Consent Form For Pilonidal Cystectomy

Paul E. Savoca, MD, FACS, FASCRS

The doctor has explained that I have the following condition:
PILONIDAL CYST

The following procedure will be performed:
Removal of a sinus (track) between the buttocks

There are some general risks and complications of the procedure, which include:
(a) Small areas of the lungs may collapse, increasing the risk of chest infection. This may need antibiotics and physiotherapy.
(b) Clots in the legs (deep vein thrombosis or DVT) with pain and swelling. Rarely part of this clot may break off and go to the lungs which can be fatal.
(c) A heart attack because of strain on the heart or a stroke.
(d) Death is possible due to the procedure.
There are specific risks and complications of the procedure which include:
The wound may need to be left open and packed regularly until it heals and this could be several weeks or even months.
The wound, if sutured, may break open and discharge blood or infected material. This may need further surgery.
The scar may thicken and redden and be painful.
The sinus problem may recur. This may need further surgery.
Increased risk in obese people of wound infection, chest infection, heart and lung complications and thrombosis.
Increased risk in smokers of wound and chest infections, heart and lung complications and thrombosis.

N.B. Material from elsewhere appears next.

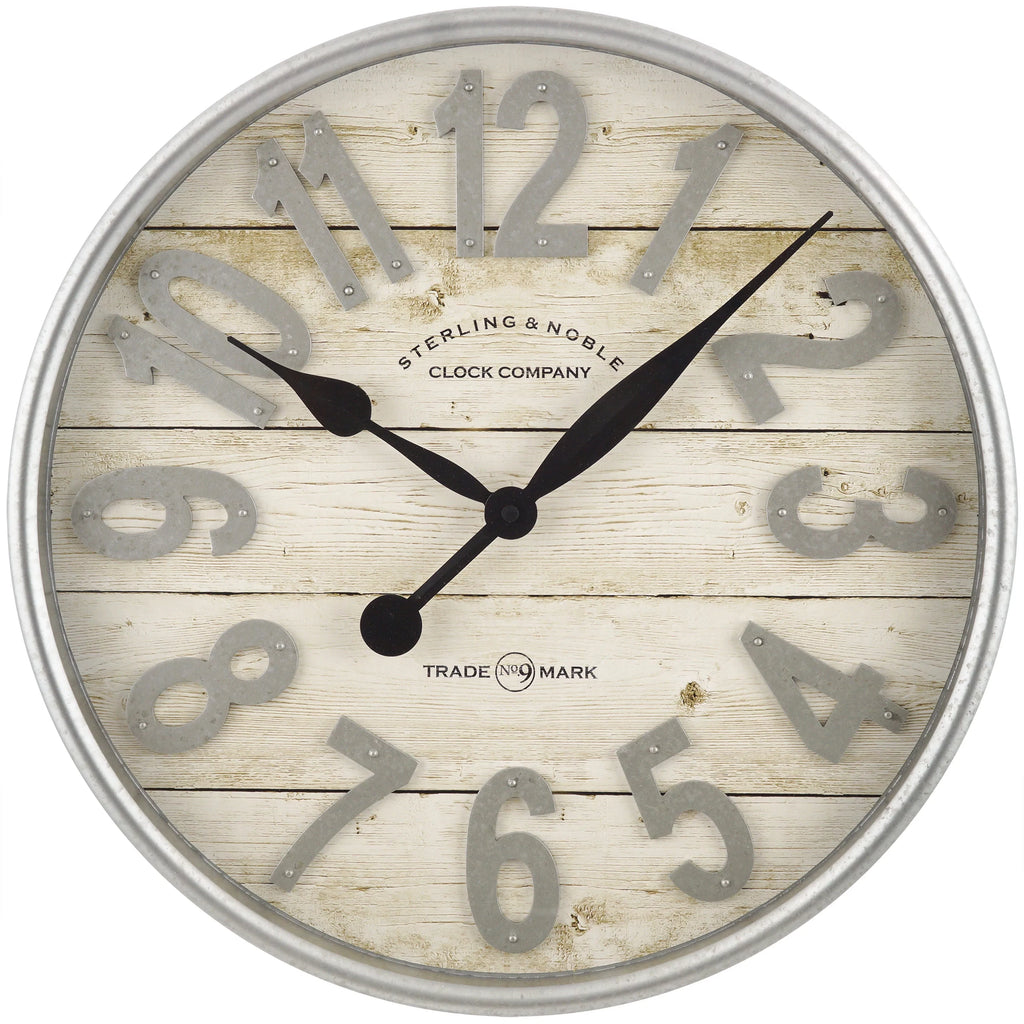 White and Galvanized Raised Analog Wall Clock M375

SIGNIFICANT RISKS AND RELEVANT TREATMENT OPTIONS
The doctor has explained any significant risks and problems specific to me, and the likely outcomes if complications occur. The doctor has also explained relevant treatment options as well as the risks of not having the procedure.

PATIENT CONSENT
I acknowledge that:
The doctor has explained my medical condition and the proposed procedure. I understand the risks of the procedure, including the risks that are specific to me, and the likely outcomes.
The doctor has explained other relevant treatment options and their associated risks. The doctor has explained my prognosis and the risks of not having the procedure.
I was able to ask questions and raise concerns with the doctor about my condition, the procedure and its risks, and my treatment options. My questions and concerns have been discussed and answered to my satisfaction.
I understand that if organs or tissues are removed during the surgery, that these may be retained for tests for a period of time and then disposed of sensitively by the hospital.
The doctor has explained to me that if immediate life-threatening events happen during the procedure, they will be treated accordingly.
I understand that no guarantee has been made that the procedure will improve the condition, and that the procedure may make my condition worse.

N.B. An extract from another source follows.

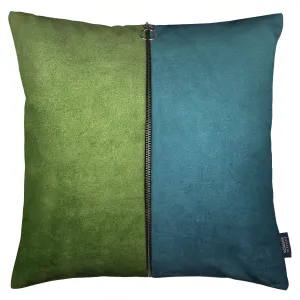 Decorative Zip Teal   Green Velvet Cushion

On the basis of the above statements,
I REQUEST TO HAVE THE PROCEDURE.

Name of Patient:_______________________________________
Signature/Date__________________________________________

DOCTOR’S STATEMENT
I have explained the patient’s condition, the need for treatment, the procedure and the risks as well as all relevant treatment options and their risks, the likely consequences of those risks as well as the significant risks and problems specific to this patient.

I have given the patient/ substitute decision-maker an opportunity to ask questions about any of the above matters and raise any other concerns which I have answered as fully as possible. I am of the opinion that the patient/ substitute decision-maker understood the above information.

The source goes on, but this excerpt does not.